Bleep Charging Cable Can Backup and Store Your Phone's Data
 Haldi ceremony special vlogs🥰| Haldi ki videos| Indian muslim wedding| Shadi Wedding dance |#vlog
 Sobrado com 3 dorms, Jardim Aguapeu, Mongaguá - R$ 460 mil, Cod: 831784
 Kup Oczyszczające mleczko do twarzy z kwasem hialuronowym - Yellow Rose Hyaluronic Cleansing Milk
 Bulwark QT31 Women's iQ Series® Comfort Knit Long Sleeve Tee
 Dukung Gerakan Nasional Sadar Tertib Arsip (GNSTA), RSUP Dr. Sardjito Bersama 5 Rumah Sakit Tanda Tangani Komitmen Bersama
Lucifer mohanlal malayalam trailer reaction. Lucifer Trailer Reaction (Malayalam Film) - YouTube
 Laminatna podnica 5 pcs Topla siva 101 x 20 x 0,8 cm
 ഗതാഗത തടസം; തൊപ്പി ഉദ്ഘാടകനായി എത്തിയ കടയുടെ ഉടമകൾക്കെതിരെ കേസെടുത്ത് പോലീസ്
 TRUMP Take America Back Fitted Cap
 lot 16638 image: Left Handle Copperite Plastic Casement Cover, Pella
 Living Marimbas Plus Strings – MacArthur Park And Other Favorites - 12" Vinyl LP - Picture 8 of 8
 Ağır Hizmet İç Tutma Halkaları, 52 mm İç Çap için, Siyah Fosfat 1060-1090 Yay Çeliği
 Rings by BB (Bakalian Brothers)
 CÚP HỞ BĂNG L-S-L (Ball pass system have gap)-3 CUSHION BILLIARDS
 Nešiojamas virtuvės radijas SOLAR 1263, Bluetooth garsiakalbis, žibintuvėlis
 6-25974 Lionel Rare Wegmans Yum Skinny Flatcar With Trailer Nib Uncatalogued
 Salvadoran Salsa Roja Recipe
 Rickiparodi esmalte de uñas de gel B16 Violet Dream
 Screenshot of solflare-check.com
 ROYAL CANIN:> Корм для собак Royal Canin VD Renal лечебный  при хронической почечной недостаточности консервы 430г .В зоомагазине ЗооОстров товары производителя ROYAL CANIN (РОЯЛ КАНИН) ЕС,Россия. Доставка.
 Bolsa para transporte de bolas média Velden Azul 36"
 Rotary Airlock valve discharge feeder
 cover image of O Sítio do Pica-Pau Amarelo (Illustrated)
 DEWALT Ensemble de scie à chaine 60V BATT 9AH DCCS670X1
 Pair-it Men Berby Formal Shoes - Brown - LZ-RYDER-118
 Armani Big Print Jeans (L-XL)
━━━━━━━━
Exercise brief: Each entry in the listing is to be copied exactly.

Written reply:
Bleep Charging Cable Can Backup and Store Your Phone's Data
 Haldi ceremony special vlogs🥰| Haldi ki videos| Indian muslim wedding| Shadi Wedding dance |#vlog
 Sobrado com 3 dorms, Jardim Aguapeu, Mongaguá - R$ 460 mil, Cod: 831784
 Kup Oczyszczające mleczko do twarzy z kwasem hialuronowym - Yellow Rose Hyaluronic Cleansing Milk
 Bulwark QT31 Women's iQ Series® Comfort Knit Long Sleeve Tee
 Dukung Gerakan Nasional Sadar Tertib Arsip (GNSTA), RSUP Dr. Sardjito Bersama 5 Rumah Sakit Tanda Tangani Komitmen Bersama
Lucifer mohanlal malayalam trailer reaction. Lucifer Trailer Reaction (Malayalam Film) - YouTube
 Laminatna podnica 5 pcs Topla siva 101 x 20 x 0,8 cm
 ഗതാഗത തടസം; തൊപ്പി ഉദ്ഘാടകനായി എത്തിയ കടയുടെ ഉടമകൾക്കെതിരെ കേസെടുത്ത് പോലീസ്
 TRUMP Take America Back Fitted Cap
 lot 16638 image: Left Handle Copperite Plastic Casement Cover, Pella
 Living Marimbas Plus Strings – MacArthur Park And Other Favorites - 12" Vinyl LP - Picture 8 of 8
 Ağır Hizmet İç Tutma Halkaları, 52 mm İç Çap için, Siyah Fosfat 1060-1090 Yay Çeliği
 Rings by BB (Bakalian Brothers)
 CÚP HỞ BĂNG L-S-L (Ball pass system have gap)-3 CUSHION BILLIARDS
 Nešiojamas virtuvės radijas SOLAR 1263, Bluetooth garsiakalbis, žibintuvėlis
 6-25974 Lionel Rare Wegmans Yum Skinny Flatcar With Trailer Nib Uncatalogued
 Salvadoran Salsa Roja Recipe
 Rickiparodi esmalte de uñas de gel B16 Violet Dream
 Screenshot of solflare-check.com
 ROYAL CANIN:> Корм для собак Royal Canin VD Renal лечебный  при хронической почечной недостаточности консервы 430г .В зоомагазине ЗооОстров товары производителя ROYAL CANIN (РОЯЛ КАНИН) ЕС,Россия. Доставка.
 Bolsa para transporte de bolas média Velden Azul 36"
 Rotary Airlock valve discharge feeder
 cover image of O Sítio do Pica-Pau Amarelo (Illustrated)
 DEWALT Ensemble de scie à chaine 60V BATT 9AH DCCS670X1
 Pair-it Men Berby Formal Shoes - Brown - LZ-RYDER-118
 Armani Big Print Jeans (L-XL)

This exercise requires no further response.